__Task instructions__
Without the pictures, repeat all of the data exactly as it appears below.

---- Input data

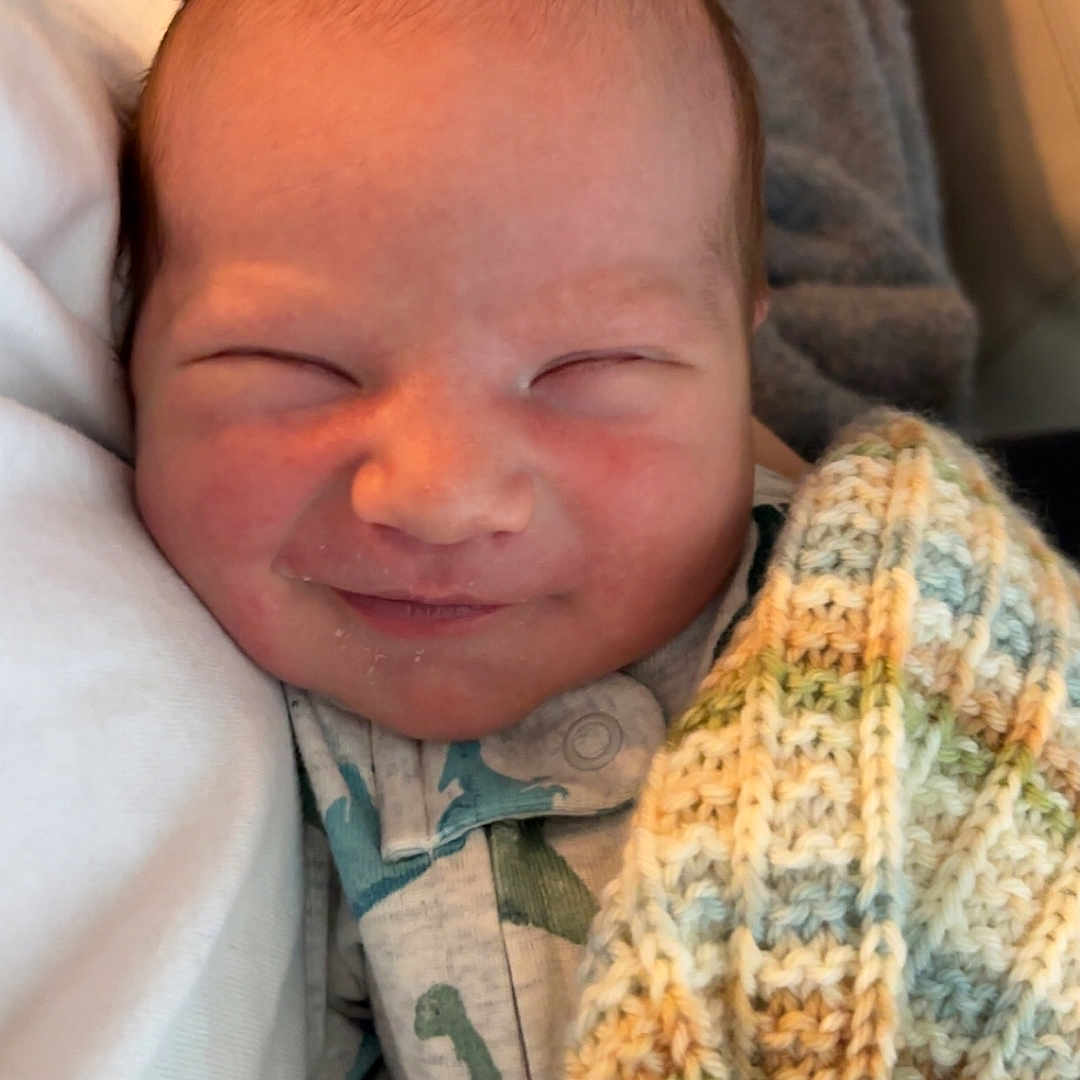 Denny joined the competition — help win amazing prizes! baby, blanket, closeup, clothing, comfort, cute, face, head, indoor, infant, knit, newborn, pale_skin, person, rest, sleeping, smile, soft, tiny, warm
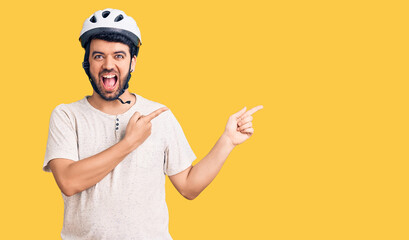Young hispanic man wearing bike helmet smiling and looking at the camera pointing with two hands and fingers to the side.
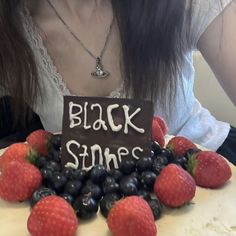 a woman sitting in front of a cake with strawberries and blueberries on it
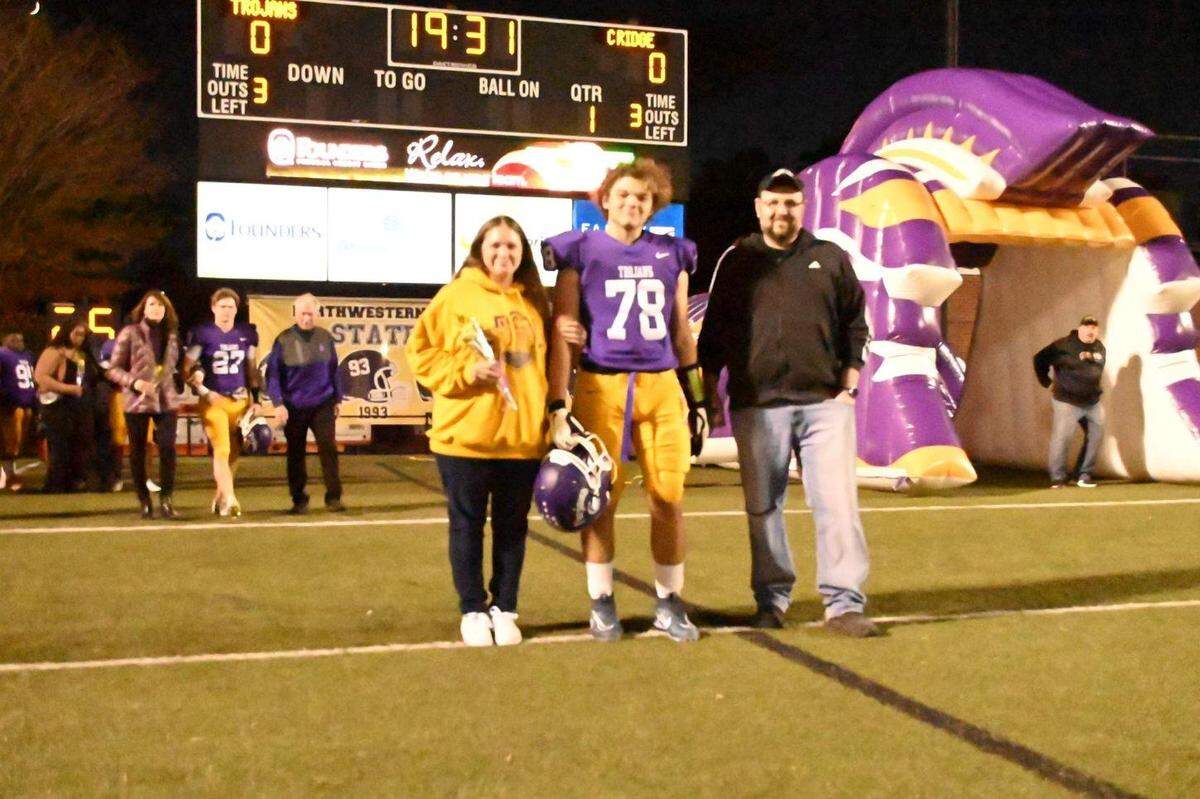 Rizzo walks with his family during Northwestern’s fall senior night.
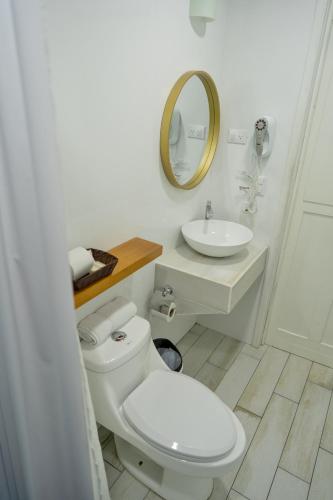 a white bathroom with a toilet and a sink at Hotel Casa Turquesa in Flores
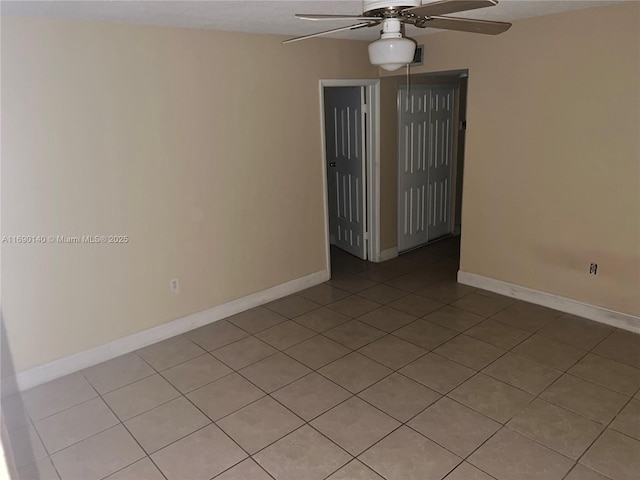 tiled spare room with ceiling fan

--------

__Completed task__
 Denny joined the competition — help win amazing prizes! baby, blanket, closeup, clothing, comfort, cute, face, head, indoor, infant, knit, newborn, pale_skin, person, rest, sleeping, smile, soft, tiny, warm
Young hispanic man wearing bike helmet smiling and looking at the camera pointing with two hands and fingers to the side.
 a woman sitting in front of a cake with strawberries and blueberries on it
 Rizzo walks with his family during Northwestern’s fall senior night.
 a white bathroom with a toilet and a sink at Hotel Casa Turquesa in Flores
 tiled spare room with ceiling fan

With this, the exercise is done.